Daha birçok konuya temas eden Çervatoğlu, gerek esprilerle gerek yaşadığı anılarıyla pekiştirerek gerçekleştirdiği konuşmasıyla dinleyenlere hem keyifli hem de aydınlatıcı anlar yaşattı.
Ve daha sonra söz alan Fatih Maçoğlu ise; Büyük kentlerdeki göçlerin getirdiği çarpık kentleşmeye farklı bir bakış açısıyla yaklaşarak, “Eğer yaşadığınız topraklarda gerek ekonomik gerek sosyolojik ve gerek terör olaylarından kaynaklı hayatınız zorlaşmışsa, bütün kentler halkındır” diyerek bu kaygılarla gelen ve maalesef ötekileşmek ve kimi zaman ekonomik olarak mağdur olan vatandaşların da gittikleri yerde bu ülkenin bireyi olarak haklarının olduğunu vurguladı.
Devamında ise; “Yerel yönetimler, halkla yönetiliyorsa yerel belediyecilik olur.
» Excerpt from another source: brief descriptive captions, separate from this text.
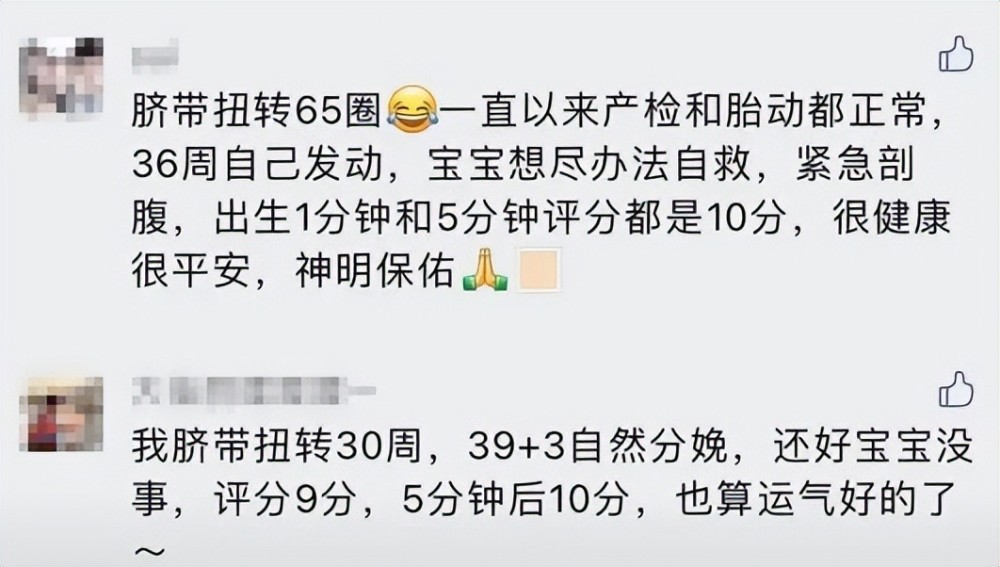 孕34周宝宝脐带扭转37圈紧急剖出 这事比脐带绕颈危险1000倍 腾讯新闻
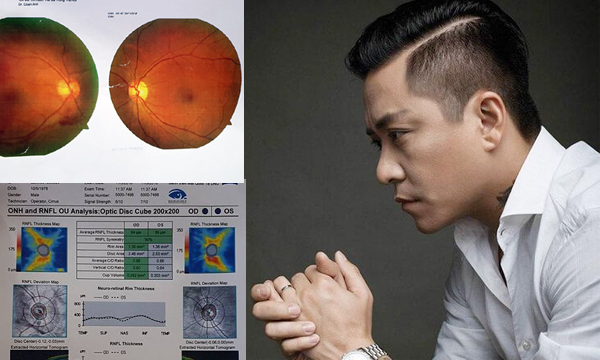 Tuấn Hưng gặp tai nạn sân cỏ, mắt chấn thương nặng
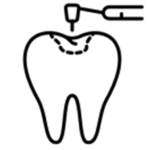 Endodoncia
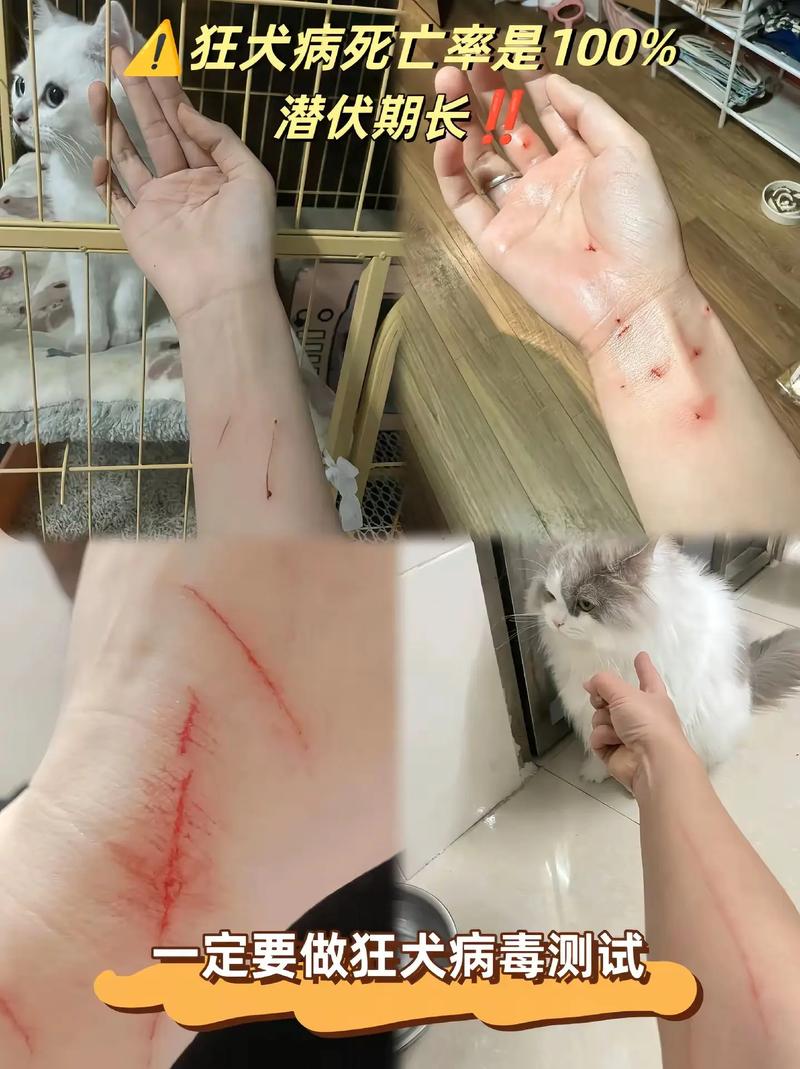 被猫咬和被猫抓哪个更严重,猫抓咬伤不同,及时处理打疫苗很重要 被猫咬和被猫抓哪个更严重,猫抓咬伤不同,及时处理打疫苗很重要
Burjuvazi ve kapitalist siyasiler belki bizden daha iyi çalışıyor. Daha çok katlı binalara izin veriyor, daha kalın kaldırımlar yapıyor ama depremde bunun sonuçlarını da gördük maalesef. Halbuki ülkemizde iyi bir planlamayla eğer rant da gözetilmezse az katlı yapılar için yer çok fazla. Eğer bir belediye, halkına çeşmeden içecek suyu sağlamak yerine aylık binlerce lira dökerek plastik şişelerde su almaya teşvik ediyorsa bu hizmet değildir. Biz ilk tohumu toprağa attığımızda bazı medya kuruluşları ‘Komünistler toprağı işgal etti’ diye yazdı. Halbuki dedelerimizden kalan topraklardı. Fakat sonrasında büyük tekeller telaşlandı, bize ulaşmaya çalıştı. Ve bu topraklarda artık 41 ile attığımız ilk tohumdan elde ettiğimiz hasatla ulaşabiliyoruz. Biz organik değil doğal tarım yapıyoruz. Kaldı ki, organik denilerek pazarlanan ürünlerin tohumları organik olsa da topraklarının olmadığını biliyoruz. Ve bunları yaparken çevreyi ve yaban hayatı da korumak mühimdir. Tarımdan eğitime, kadın haklarından sanata 30’a yakın kooperatifimiz var. Yoksullara yardım etmek için bir çalışma yürütmüyoruz. Biz yoksulluğu bitirmek için üretimde beraber çalışıyoruz bu anlamda onlara destek oluyoruz. Ve belediyelerin yaptıkları hizmetler nimet değil zorunluluktur. Su, ulaşım, iletişim; para ile olmamalıdır. Barınma ihtiyaçları ise, en ucuzundan yapı kooperatifleriyle karşılanabilmelidir. Keza bununla ilgili çalışmalarımız da devam etmektedir” şeklinde konuştu.
Ve özetle yazmaya çalışsam da Maçoğlu’nun söylediği her kelime ve hayata geçirdiği her proje ütopik sandığımız hayallerimizden birer alıntı gibiydi.
Nasıl da unutmuşuz ve ne kadar da çok görür olmuşuz kendimize hakkımız olanı istemeyi veya talep etmeyi diye düşündüm bu koca yürekli iki belediye başkanını dinlerken...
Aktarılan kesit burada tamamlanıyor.